Task directions: Transcribe the records exactly. Pictures do not belong in the transcription.

Raw data:
★ ★ ★

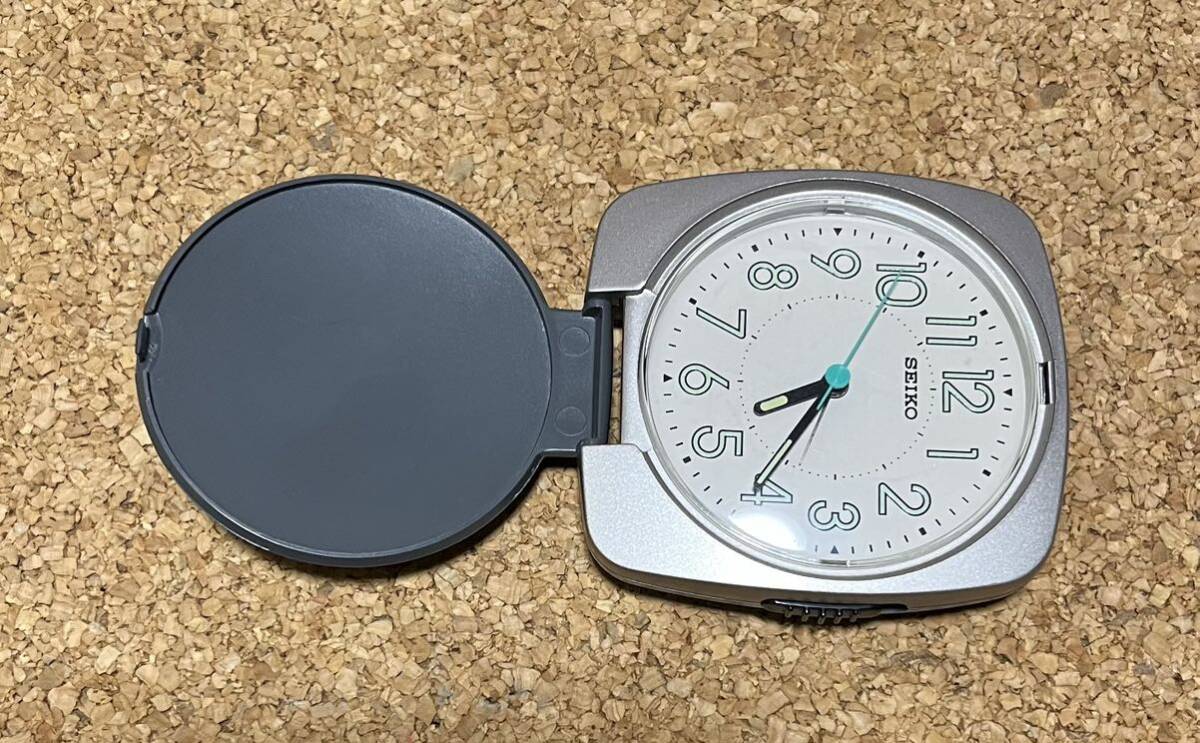 送料無料 SEIKO トラベル コンパクト アラーム時計 QQ635S 送料無料 SEIKO トラベル コンパクト アラーム時計 QQ635S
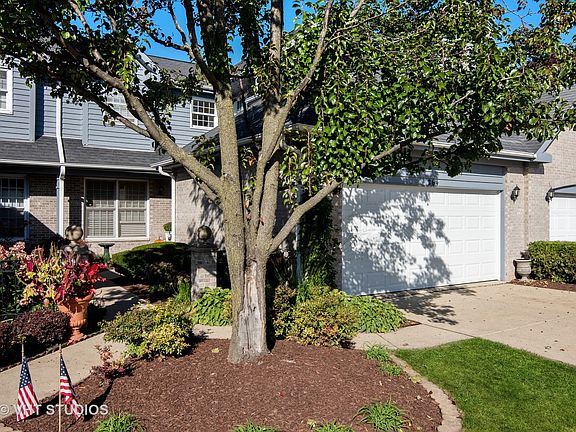 3rd image of 264 Benton Ln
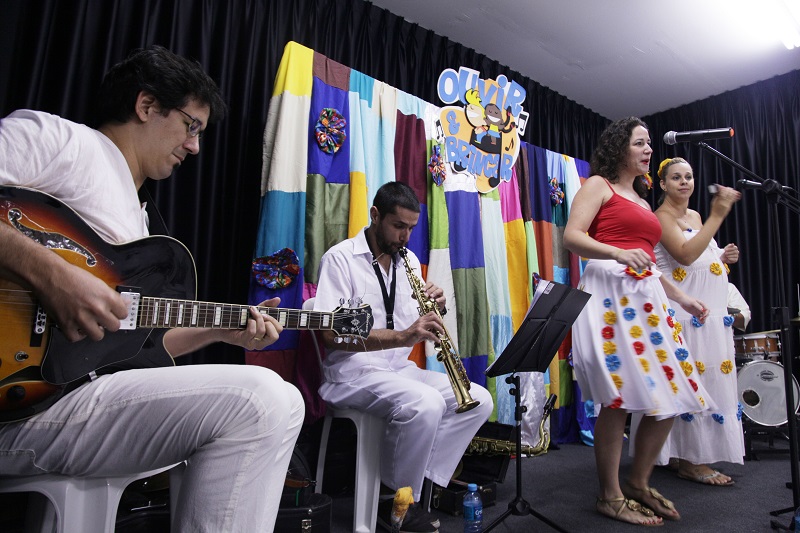 Escolas recebem projeto Ouvir e Brincar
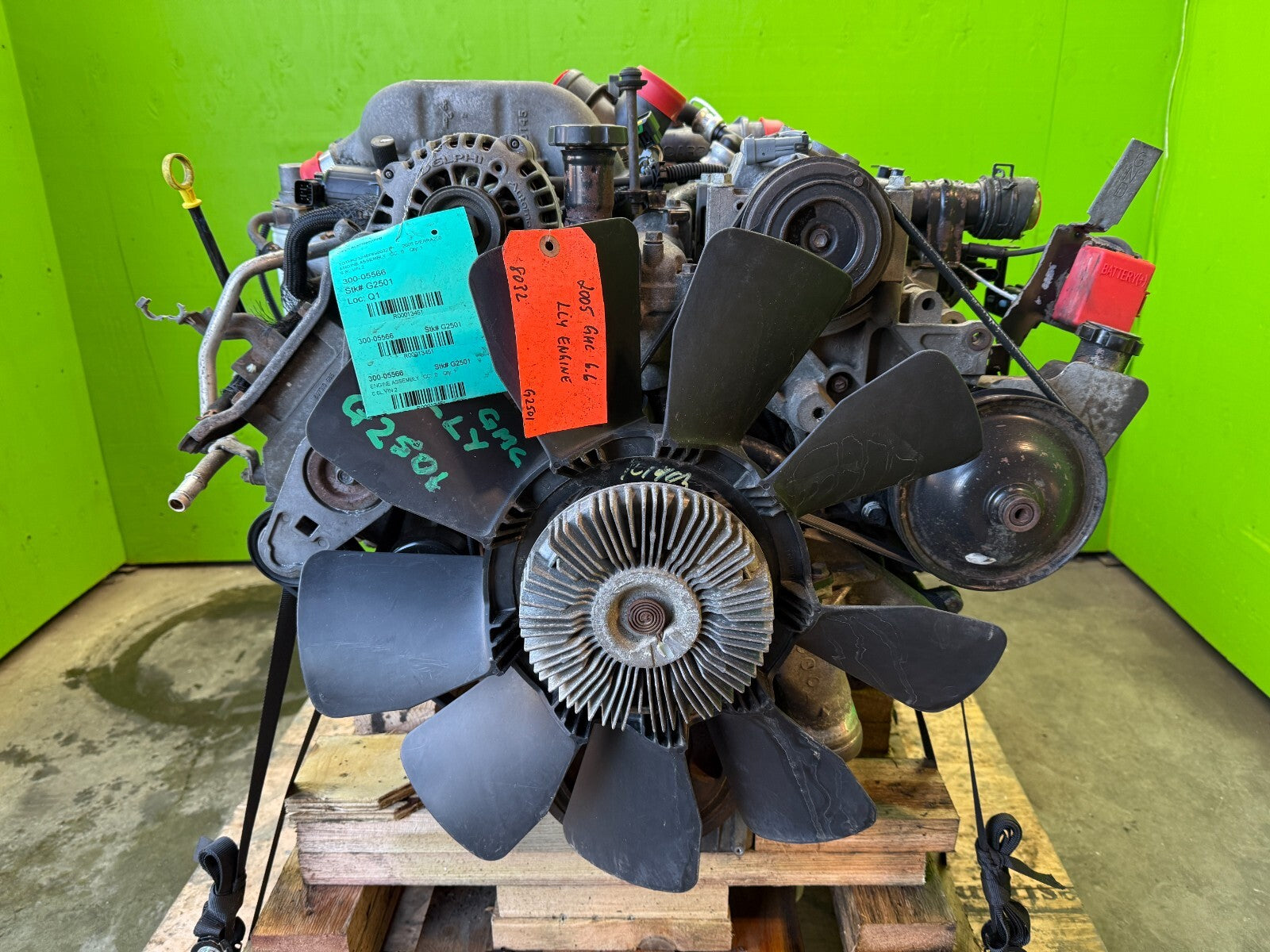 04 05 CHEVROLET GMC 2500 3500 6.6 LLY DURAMAX DIESEL ENGINE MOTOR NO CORE!!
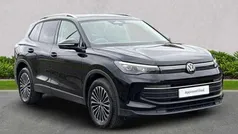 Black Used 2024 VW Tiguan Match SUV | £33,098 (Fair price)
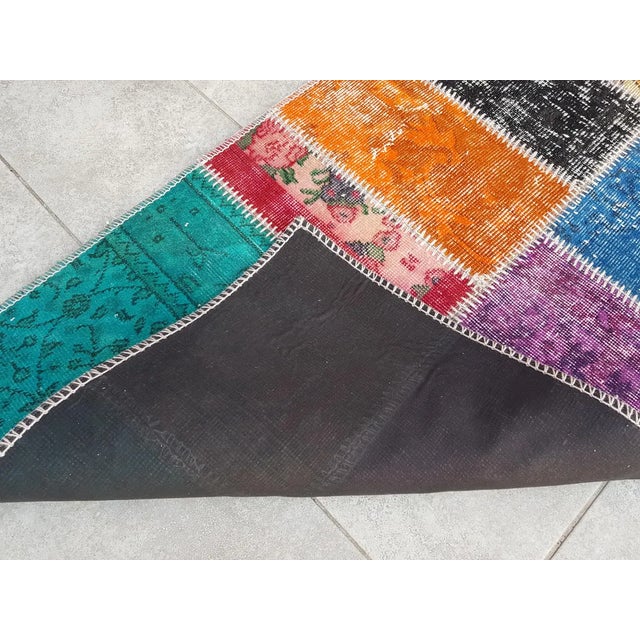 1960s Mid 20th Century Bohemian Handknotted Wool Runner Anatolian Handknotted Oushak Runner For Sale - Image 5 of 10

★ ★ ★

Response to this task:
 送料無料 SEIKO トラベル コンパクト アラーム時計 QQ635S 送料無料 SEIKO トラベル コンパクト アラーム時計 QQ635S
 3rd image of 264 Benton Ln
 Escolas recebem projeto Ouvir e Brincar
 04 05 CHEVROLET GMC 2500 3500 6.6 LLY DURAMAX DIESEL ENGINE MOTOR NO CORE!!
 Black Used 2024 VW Tiguan Match SUV | £33,098 (Fair price)
 1960s Mid 20th Century Bohemian Handknotted Wool Runner Anatolian Handknotted Oushak Runner For Sale - Image 5 of 10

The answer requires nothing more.